--- START ---

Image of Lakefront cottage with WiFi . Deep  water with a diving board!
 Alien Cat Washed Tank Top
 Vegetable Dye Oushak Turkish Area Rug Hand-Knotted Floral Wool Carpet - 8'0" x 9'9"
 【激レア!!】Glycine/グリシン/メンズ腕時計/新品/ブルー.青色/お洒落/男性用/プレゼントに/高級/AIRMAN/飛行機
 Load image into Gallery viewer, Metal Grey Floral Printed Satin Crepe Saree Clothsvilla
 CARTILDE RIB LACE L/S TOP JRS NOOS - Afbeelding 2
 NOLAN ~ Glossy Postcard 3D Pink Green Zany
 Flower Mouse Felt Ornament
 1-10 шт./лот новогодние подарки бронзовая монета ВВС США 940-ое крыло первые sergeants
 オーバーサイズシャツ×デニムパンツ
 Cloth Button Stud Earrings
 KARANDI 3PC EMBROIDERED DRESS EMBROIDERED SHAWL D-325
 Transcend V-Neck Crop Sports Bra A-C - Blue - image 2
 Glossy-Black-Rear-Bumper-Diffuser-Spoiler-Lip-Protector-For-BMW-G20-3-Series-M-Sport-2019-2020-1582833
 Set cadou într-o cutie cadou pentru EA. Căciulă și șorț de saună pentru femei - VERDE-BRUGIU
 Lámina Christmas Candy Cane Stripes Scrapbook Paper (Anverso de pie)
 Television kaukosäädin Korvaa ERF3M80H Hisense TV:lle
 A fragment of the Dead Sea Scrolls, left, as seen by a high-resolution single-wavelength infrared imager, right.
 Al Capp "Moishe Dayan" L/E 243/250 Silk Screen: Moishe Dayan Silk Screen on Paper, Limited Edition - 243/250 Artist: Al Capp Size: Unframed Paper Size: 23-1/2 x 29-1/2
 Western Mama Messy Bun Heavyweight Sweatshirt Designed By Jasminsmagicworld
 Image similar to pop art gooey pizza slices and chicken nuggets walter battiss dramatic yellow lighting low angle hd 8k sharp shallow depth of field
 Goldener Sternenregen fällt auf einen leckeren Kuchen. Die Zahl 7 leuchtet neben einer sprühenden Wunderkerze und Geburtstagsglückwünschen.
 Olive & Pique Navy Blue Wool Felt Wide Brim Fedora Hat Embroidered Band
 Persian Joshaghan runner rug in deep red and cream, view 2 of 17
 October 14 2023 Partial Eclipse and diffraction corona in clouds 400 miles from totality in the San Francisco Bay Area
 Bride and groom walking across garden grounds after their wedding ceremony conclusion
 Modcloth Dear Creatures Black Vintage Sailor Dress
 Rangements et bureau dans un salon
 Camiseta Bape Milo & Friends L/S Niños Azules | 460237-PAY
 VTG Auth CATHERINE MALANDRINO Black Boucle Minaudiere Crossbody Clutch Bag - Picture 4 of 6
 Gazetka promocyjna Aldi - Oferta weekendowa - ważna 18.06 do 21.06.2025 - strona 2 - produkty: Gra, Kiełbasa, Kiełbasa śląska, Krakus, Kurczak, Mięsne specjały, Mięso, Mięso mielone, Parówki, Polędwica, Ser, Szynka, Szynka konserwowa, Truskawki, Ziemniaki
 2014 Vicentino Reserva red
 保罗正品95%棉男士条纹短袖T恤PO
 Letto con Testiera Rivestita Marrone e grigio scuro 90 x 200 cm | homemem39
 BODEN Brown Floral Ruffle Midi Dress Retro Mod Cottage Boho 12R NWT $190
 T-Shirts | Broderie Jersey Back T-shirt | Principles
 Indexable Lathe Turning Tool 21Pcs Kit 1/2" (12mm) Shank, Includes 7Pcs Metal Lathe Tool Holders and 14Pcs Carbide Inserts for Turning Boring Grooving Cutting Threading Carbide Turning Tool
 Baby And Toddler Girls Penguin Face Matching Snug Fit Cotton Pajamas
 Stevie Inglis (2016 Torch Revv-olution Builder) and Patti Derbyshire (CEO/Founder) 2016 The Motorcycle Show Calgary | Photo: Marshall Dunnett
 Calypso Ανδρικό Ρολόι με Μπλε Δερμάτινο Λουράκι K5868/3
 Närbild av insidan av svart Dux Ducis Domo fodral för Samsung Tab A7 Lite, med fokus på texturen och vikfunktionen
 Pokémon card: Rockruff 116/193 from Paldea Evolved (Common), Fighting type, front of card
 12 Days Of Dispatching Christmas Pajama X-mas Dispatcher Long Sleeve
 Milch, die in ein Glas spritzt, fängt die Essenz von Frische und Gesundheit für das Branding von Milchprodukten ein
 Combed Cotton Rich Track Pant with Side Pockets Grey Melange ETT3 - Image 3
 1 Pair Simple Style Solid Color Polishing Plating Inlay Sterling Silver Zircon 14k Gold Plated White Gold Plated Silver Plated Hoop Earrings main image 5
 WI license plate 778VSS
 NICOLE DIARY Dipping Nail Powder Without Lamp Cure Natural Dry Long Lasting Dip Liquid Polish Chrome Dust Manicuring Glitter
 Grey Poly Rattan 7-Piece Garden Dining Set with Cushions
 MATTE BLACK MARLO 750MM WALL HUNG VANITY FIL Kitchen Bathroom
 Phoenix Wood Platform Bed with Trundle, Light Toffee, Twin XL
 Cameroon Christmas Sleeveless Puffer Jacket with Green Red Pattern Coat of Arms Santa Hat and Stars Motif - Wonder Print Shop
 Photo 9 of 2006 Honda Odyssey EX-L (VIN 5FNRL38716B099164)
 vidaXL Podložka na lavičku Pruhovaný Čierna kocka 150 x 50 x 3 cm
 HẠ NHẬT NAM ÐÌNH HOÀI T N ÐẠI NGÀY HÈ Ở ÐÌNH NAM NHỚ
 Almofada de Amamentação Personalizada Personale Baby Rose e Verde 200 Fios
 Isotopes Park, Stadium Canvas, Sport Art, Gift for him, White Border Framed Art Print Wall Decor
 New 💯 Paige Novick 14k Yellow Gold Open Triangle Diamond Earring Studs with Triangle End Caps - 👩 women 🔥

--- END ---

▶ [EXERCISE DESCRIPTION]
The lines above from the one containing "October 14 2023" through the one containing "Närbild av insidan" are to be set down exactly, and no others.

▶ [ANSWER]
 October 14 2023 Partial Eclipse and diffraction corona in clouds 400 miles from totality in the San Francisco Bay Area
 Bride and groom walking across garden grounds after their wedding ceremony conclusion
 Modcloth Dear Creatures Black Vintage Sailor Dress
 Rangements et bureau dans un salon
 Camiseta Bape Milo & Friends L/S Niños Azules | 460237-PAY
 VTG Auth CATHERINE MALANDRINO Black Boucle Minaudiere Crossbody Clutch Bag - Picture 4 of 6
 Gazetka promocyjna Aldi - Oferta weekendowa - ważna 18.06 do 21.06.2025 - strona 2 - produkty: Gra, Kiełbasa, Kiełbasa śląska, Krakus, Kurczak, Mięsne specjały, Mięso, Mięso mielone, Parówki, Polędwica, Ser, Szynka, Szynka konserwowa, Truskawki, Ziemniaki
 2014 Vicentino Reserva red
 保罗正品95%棉男士条纹短袖T恤PO
 Letto con Testiera Rivestita Marrone e grigio scuro 90 x 200 cm | homemem39
 BODEN Brown Floral Ruffle Midi Dress Retro Mod Cottage Boho 12R NWT $190
 T-Shirts | Broderie Jersey Back T-shirt | Principles
 Indexable Lathe Turning Tool 21Pcs Kit 1/2" (12mm) Shank, Includes 7Pcs Metal Lathe Tool Holders and 14Pcs Carbide Inserts for Turning Boring Grooving Cutting Threading Carbide Turning Tool
 Baby And Toddler Girls Penguin Face Matching Snug Fit Cotton Pajamas
 Stevie Inglis (2016 Torch Revv-olution Builder) and Patti Derbyshire (CEO/Founder) 2016 The Motorcycle Show Calgary | Photo: Marshall Dunnett
 Calypso Ανδρικό Ρολόι με Μπλε Δερμάτινο Λουράκι K5868/3
 Närbild av insidan av svart Dux Ducis Domo fodral för Samsung Tab A7 Lite, med fokus på texturen och vikfunktionen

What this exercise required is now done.